PC 602: What’s Criminal Trespass in California?

California Penal Code (PC) 602 is a California law covering the offense of criminal trespass. Per 602 PC, a person generally commits criminal trespassing when they:

  • Enter (or remain on) another’s property; and
  • Do not have permission or a right to do so.

California’s criminal trespass law is very broad in scope, and the statute outlines dozens of specific scenarios and situations which can led to a trespass charge. However, some of the most common examples follow similar themes, including:

  • Entering another’s property with the intent to cause property damage;
  • Entering another’s property with the intent to obstruct business activities;
  • Entering and occupying another’s property without permission;
  • Refusing to leave private property after being asked by owner, representative, law enforcement, etc.;
  • Entering private property with the intent to injure, collect, or carry away items present on that property;

Elements of Criminal Trespass in California

While PC 602 also contains some unusual forms of prohibited trespassing conduct (i.e. taking soil from another’s land or taking shellfish without permission), there are certain legal elements which the government must prove when bringing criminal trespass charges against a defendant.

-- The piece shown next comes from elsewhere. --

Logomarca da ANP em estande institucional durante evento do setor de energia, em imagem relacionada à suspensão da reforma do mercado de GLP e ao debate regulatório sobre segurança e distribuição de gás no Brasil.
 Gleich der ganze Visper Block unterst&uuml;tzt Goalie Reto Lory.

The general elements of a criminal trespass charge include:

  1. Willfully entering another’s property;
  2. Having the specific intent to interfere with the owner’s property rights; and
  3. Actual interference with the owner’s property rights (i.e. damaging property, obstructing business, etc.).

By definition, the crime of trespassing requires a person to have acted willfully, meaning they deliberately entered another’s property, not that they intended to break the law.

Additionally, the crime requires proof of specific intent, which means the defendant not only had the intent to perform a specific act, but also had an intent to achieve the specific consequences of the act. For example, a homeless person entering a place of business to escape the rain who inadvertently drives customers away due to his appearance does not have the specific intent to interfere with the business, and would not be considered guilty of criminal trespass).

In two of the most common forms of criminal trespass, the third legal element – actual interference / damage to property rights – requires prosecutors to prove actual interference occurred. As an example, an activist who stands in front of a business which sells leather to hand out pamphlets would not be guilty of trespass if they did not obstruct customers from entering and purchasing products from the business owner. However, if the activist barricaded the entrance so as to prevent patrons from being able to enter the business, it could be argued that actual interference occurred.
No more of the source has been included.